BEGIN

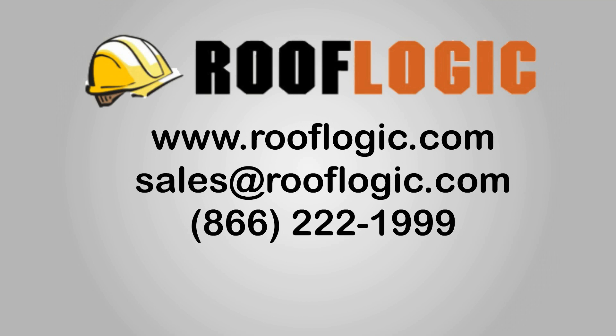So if you want to join Bob and make reports faster, contact RoofLogic today.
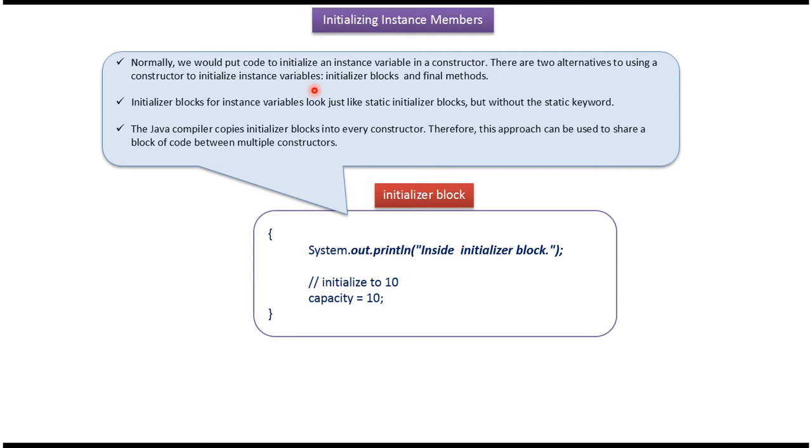Normally we would initialize an instance variable in a constructor. Instead of a constructor, we can use initializer blocks or final methods to initialize the instance variables.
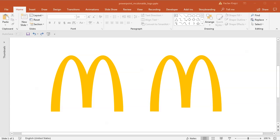Hey and welcome to another tutorial. Today I will show you how to create this McDonald's logo inside Microsoft PowerPoint and it will be as easy as it could be.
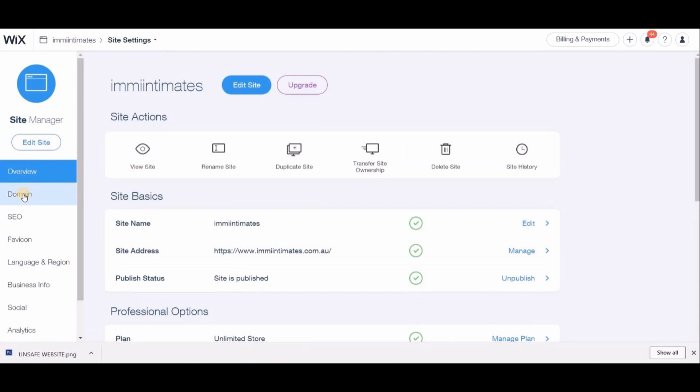After clicking Manage Site, you see some options on the left side of the screen again. You'll see the option Domain, so just click Domain.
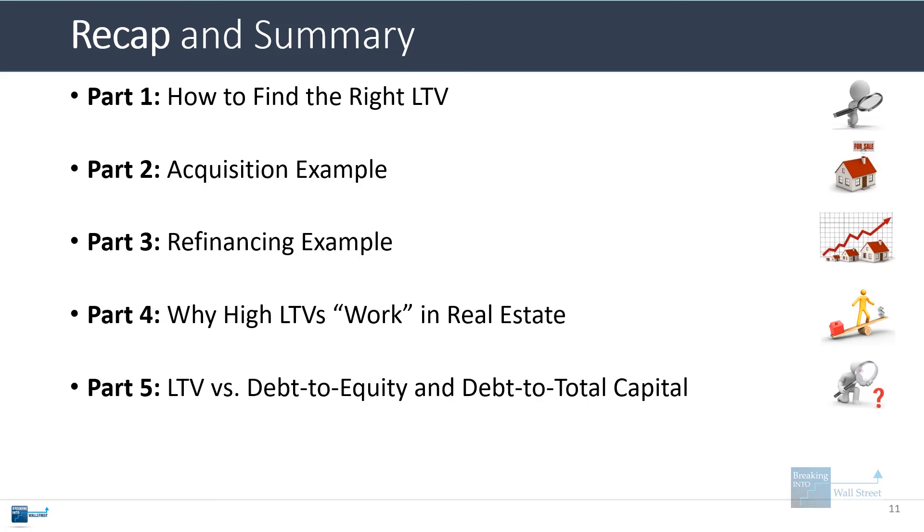That's about it for this lesson. Hopefully now you should know a little bit more about the very important loan-to-value ratio in real estate and how you might use it in financial models.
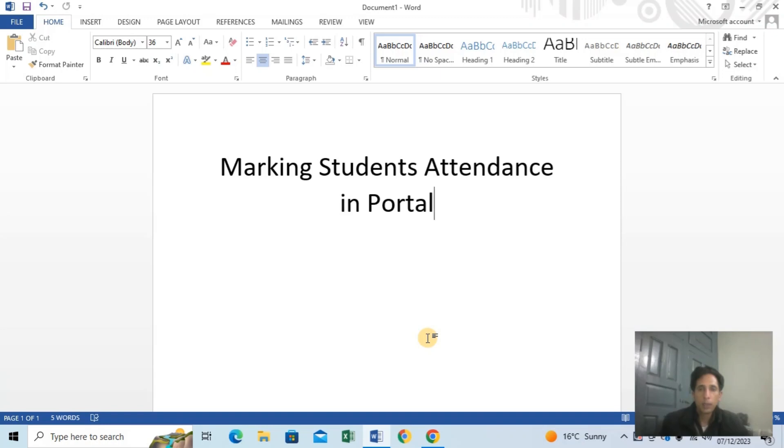I will submit a student registration. The second step is to submit student attendance. I will submit student attendance through the online portal program.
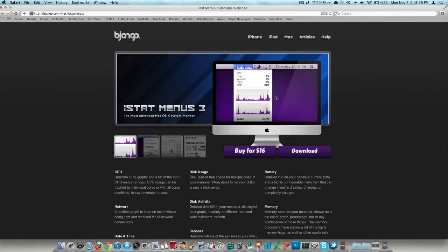Today's Monday, November 7th, 2011. I have an application review for you here. It was a request, iStatMenus3.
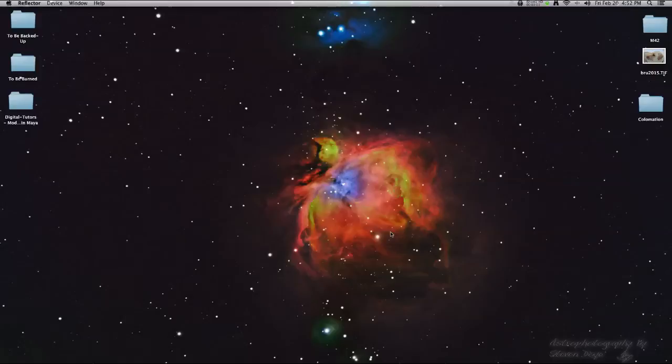Hello, this is Steven here from the School Observatory in Edmonton, Alberta, Canada.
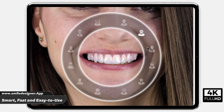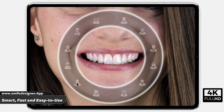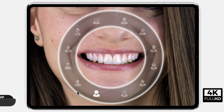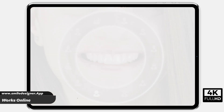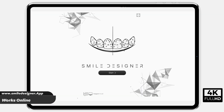Smile Designer App is a smart, fast, and easy-to-use smile design software. The software works online and it does not require downloading.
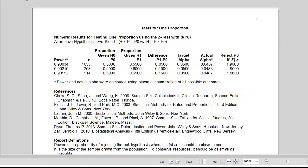We hope that you have found this tutorial helpful. For more information about computing power or sample size for tests of one proportion or any of the other procedures in PASS, please see the help documentation that is installed with the software. Thank you for watching.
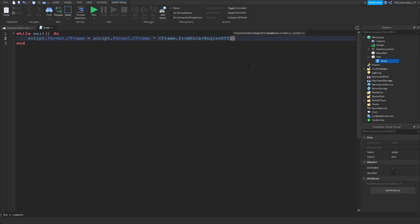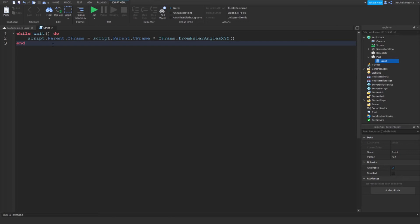In these brackets you're going to type in the amount of studs it's going to move every time this loops through. This loops through every 0.001 seconds or something like that, so the bigger the number the faster the spinner will go.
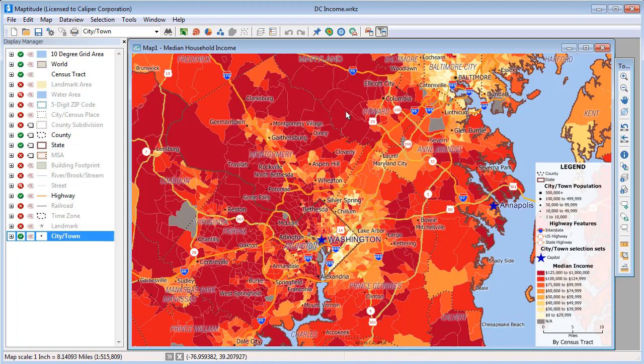This video demonstrates how to use the Maptitude Display Manager to change the contents, styles, and labels in a map. The Display Manager lists the layers in the map and indicates in this column with a green check if a layer is visible, with a red X if a layer is hidden, or a red magnifying glass if a layer is auto-scaled off.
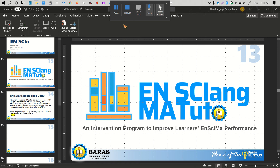Hello everyone. Today I'm going to teach you how to work around the recording feature of Microsoft Office in terms of recording yourself, if that recording feature is not available on your Microsoft Office version.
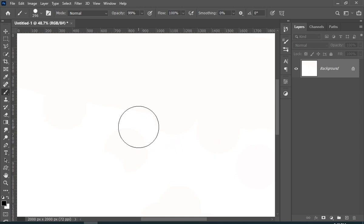Just hold the alt key on your keyboard and the right click of your mouse. Now drag right to make size bigger and drag left to make it smaller.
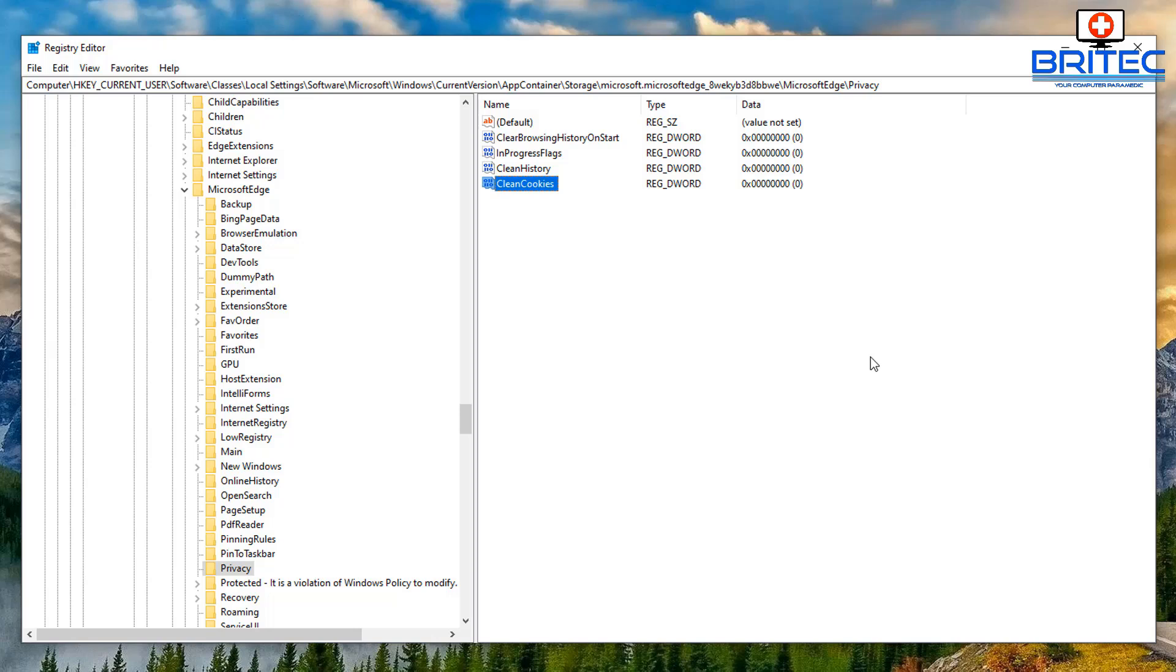Once we've done that we can then restart the system and then we should be able to block the clean history and clean cookies by the registry there. So let me close off the registry editor and restart the system.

END

> [Exercise requirements]:
Your task is to retype exactly the lines that run from the line with "In these brackets" through the last line of the material, with the pictures left out.

> [Problem solution]:
In these brackets you're going to type in the amount of studs it's going to move every time this loops through. This loops through every 0.001 seconds or something like that, so the bigger the number the faster the spinner will go.
This video demonstrates how to use the Maptitude Display Manager to change the contents, styles, and labels in a map. The Display Manager lists the layers in the map and indicates in this column with a green check if a layer is visible, with a red X if a layer is hidden, or a red magnifying glass if a layer is auto-scaled off.
Hello everyone. Today I'm going to teach you how to work around the recording feature of Microsoft Office in terms of recording yourself, if that recording feature is not available on your Microsoft Office version.
Just hold the alt key on your keyboard and the right click of your mouse. Now drag right to make size bigger and drag left to make it smaller.
Once we've done that we can then restart the system and then we should be able to block the clean history and clean cookies by the registry there. So let me close off the registry editor and restart the system.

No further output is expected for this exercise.